* _Task_:
Return all the lines below in which the string "Ralph" appears.
/---
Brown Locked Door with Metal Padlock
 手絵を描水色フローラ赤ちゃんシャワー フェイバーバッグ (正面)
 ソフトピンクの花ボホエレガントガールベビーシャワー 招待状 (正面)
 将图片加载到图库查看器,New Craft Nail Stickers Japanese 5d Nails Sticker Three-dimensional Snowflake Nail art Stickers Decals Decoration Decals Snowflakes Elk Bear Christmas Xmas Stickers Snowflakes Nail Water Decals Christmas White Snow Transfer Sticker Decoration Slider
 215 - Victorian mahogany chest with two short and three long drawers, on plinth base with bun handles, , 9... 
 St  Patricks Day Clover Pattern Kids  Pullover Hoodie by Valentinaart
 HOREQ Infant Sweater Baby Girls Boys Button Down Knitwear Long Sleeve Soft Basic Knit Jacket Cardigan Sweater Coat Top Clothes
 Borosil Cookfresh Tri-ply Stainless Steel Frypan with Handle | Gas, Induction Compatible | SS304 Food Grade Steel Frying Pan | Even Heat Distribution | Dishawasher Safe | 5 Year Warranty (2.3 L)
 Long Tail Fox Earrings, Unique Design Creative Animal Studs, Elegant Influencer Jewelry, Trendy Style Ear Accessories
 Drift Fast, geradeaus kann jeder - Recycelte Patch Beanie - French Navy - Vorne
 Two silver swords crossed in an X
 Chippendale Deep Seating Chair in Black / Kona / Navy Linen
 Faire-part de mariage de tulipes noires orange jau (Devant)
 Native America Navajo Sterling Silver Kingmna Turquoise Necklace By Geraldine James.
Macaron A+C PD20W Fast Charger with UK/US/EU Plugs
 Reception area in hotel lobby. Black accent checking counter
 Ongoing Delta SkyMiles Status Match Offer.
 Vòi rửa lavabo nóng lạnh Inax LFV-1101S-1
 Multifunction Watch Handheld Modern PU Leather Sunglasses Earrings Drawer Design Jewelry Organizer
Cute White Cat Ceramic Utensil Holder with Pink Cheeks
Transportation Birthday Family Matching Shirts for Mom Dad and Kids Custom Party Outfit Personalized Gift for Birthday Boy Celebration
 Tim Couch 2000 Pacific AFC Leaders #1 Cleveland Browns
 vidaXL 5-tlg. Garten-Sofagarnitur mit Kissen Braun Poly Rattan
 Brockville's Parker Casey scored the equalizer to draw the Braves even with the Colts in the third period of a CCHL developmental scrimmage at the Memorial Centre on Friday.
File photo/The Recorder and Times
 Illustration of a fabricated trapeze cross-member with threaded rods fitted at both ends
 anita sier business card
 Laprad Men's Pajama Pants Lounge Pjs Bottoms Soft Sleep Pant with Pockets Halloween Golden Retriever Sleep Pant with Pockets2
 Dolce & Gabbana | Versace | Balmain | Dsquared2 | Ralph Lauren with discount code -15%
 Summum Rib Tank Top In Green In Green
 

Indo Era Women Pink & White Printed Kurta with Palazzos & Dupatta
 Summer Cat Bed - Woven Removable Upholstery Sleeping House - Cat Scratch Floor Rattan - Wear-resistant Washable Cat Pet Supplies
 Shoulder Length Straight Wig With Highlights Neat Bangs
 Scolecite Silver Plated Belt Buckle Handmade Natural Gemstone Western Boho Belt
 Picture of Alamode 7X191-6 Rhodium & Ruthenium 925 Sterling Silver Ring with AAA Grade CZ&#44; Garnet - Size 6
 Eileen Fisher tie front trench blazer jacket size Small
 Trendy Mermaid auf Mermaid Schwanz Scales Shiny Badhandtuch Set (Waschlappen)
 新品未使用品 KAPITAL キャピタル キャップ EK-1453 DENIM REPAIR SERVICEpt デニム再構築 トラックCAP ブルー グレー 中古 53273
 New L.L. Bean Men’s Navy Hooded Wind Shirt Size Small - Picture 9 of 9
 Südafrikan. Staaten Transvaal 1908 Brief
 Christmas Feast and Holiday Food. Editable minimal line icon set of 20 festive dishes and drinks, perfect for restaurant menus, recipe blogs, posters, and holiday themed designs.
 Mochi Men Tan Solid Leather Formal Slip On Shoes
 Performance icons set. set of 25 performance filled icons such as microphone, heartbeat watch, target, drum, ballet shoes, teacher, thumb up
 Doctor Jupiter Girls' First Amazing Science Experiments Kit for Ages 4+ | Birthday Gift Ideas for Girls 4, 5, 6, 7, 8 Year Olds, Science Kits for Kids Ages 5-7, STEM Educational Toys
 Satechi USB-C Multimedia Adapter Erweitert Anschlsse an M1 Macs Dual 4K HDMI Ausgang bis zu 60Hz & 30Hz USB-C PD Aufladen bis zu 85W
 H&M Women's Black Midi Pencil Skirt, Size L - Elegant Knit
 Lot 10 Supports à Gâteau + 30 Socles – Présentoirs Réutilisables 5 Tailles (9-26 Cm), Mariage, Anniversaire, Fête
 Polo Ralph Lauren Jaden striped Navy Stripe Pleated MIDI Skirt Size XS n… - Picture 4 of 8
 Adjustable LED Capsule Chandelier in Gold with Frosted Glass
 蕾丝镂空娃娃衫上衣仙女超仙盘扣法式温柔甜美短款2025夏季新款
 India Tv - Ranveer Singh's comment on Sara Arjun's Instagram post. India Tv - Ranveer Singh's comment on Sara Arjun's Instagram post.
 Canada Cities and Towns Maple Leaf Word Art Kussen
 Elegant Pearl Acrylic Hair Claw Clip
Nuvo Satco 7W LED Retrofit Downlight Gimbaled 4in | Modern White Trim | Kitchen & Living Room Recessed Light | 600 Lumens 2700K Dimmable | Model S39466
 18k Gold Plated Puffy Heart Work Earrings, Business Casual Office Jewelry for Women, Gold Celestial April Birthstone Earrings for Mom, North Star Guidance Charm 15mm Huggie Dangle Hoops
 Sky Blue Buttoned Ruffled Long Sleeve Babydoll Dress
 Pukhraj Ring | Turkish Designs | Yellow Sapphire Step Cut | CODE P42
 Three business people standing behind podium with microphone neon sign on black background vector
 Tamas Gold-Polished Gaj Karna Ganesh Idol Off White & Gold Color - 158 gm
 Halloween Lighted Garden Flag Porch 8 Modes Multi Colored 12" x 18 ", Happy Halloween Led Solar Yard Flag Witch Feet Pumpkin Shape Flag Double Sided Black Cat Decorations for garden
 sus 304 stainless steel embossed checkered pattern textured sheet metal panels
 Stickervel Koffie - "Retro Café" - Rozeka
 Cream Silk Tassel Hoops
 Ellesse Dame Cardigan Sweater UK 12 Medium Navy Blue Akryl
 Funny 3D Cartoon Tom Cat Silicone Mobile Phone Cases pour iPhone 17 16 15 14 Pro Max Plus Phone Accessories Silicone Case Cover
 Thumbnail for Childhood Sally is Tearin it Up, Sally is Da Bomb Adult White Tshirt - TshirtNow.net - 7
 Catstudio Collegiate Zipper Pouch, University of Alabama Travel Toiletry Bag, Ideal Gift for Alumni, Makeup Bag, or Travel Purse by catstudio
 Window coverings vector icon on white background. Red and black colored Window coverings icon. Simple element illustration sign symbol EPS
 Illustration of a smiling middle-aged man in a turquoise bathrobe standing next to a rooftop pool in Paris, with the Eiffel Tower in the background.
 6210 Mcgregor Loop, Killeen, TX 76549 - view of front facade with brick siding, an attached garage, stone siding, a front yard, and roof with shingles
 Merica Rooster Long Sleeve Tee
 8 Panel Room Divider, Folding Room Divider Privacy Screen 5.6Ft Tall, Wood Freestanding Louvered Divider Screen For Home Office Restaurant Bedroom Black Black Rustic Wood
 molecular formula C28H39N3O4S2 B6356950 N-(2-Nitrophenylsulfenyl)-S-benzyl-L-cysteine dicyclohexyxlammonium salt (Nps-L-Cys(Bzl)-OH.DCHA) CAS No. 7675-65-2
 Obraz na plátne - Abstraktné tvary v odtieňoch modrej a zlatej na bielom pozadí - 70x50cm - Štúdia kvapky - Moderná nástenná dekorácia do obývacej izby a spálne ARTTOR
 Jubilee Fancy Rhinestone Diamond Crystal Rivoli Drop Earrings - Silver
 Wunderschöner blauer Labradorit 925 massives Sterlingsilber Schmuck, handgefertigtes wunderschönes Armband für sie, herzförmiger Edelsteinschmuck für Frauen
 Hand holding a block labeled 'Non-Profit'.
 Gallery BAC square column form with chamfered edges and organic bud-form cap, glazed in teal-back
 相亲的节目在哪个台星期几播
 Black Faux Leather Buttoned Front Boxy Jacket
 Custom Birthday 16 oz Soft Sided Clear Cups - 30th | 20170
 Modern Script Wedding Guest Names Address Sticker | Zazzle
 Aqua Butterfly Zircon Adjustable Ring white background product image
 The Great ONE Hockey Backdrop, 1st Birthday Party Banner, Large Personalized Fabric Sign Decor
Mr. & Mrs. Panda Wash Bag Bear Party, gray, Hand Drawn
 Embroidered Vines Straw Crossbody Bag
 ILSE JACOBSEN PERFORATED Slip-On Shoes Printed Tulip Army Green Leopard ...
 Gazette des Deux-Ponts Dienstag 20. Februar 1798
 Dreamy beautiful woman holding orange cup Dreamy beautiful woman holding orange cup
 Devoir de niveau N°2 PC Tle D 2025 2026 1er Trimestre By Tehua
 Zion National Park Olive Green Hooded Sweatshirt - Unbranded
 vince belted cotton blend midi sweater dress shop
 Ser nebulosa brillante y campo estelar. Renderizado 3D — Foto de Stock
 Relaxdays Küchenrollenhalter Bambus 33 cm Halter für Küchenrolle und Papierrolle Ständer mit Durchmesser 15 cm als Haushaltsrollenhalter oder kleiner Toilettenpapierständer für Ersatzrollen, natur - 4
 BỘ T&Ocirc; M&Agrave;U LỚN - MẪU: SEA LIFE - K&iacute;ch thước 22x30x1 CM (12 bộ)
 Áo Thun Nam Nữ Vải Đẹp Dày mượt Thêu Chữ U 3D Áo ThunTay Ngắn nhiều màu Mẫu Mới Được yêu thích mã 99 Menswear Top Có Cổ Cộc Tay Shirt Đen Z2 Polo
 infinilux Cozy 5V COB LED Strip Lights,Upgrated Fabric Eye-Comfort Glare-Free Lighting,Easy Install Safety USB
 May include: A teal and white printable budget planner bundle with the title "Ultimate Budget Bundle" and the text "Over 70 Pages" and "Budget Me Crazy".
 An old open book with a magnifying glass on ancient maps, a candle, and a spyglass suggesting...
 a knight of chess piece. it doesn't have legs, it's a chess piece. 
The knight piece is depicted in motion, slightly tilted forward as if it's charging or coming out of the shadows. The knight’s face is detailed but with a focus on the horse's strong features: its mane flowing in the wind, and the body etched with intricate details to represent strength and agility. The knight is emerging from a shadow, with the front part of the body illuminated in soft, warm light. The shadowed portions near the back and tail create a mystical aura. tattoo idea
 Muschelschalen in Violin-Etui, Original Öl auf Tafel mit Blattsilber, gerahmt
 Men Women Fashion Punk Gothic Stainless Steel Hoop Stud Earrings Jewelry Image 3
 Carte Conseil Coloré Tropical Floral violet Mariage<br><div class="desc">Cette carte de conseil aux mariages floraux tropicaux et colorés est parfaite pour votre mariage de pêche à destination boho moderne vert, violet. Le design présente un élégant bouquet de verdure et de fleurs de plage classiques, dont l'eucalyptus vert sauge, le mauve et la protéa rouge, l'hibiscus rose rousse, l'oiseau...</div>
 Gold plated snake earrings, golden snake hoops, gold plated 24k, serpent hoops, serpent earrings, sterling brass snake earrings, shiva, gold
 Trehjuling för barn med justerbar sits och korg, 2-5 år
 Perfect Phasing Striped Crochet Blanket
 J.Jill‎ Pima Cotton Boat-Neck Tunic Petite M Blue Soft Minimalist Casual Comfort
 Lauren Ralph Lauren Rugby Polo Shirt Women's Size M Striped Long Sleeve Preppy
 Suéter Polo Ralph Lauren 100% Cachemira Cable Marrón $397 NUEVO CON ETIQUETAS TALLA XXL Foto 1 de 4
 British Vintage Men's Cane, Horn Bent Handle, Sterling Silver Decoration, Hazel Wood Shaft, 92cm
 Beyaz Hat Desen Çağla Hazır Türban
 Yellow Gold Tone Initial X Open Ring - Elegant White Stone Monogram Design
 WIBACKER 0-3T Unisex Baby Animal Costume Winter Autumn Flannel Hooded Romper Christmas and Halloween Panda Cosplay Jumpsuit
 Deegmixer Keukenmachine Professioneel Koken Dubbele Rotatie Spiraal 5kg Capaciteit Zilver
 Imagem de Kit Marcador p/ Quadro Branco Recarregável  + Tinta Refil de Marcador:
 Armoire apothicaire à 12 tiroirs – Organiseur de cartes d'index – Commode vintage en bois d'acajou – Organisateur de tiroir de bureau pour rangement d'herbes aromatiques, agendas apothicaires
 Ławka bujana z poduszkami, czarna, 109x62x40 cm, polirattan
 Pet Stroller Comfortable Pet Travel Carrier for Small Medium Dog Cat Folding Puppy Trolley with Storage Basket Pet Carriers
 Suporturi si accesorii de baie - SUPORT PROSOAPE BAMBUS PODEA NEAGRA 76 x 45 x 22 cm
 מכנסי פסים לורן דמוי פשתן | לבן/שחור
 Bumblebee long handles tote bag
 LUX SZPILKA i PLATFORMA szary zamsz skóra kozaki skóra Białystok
\---
* _Response to this exercise_:
 Dolce & Gabbana | Versace | Balmain | Dsquared2 | Ralph Lauren with discount code -15%
 Polo Ralph Lauren Jaden striped Navy Stripe Pleated MIDI Skirt Size XS n… - Picture 4 of 8
 Lauren Ralph Lauren Rugby Polo Shirt Women's Size M Striped Long Sleeve Preppy
 Suéter Polo Ralph Lauren 100% Cachemira Cable Marrón $397 NUEVO CON ETIQUETAS TALLA XXL Foto 1 de 4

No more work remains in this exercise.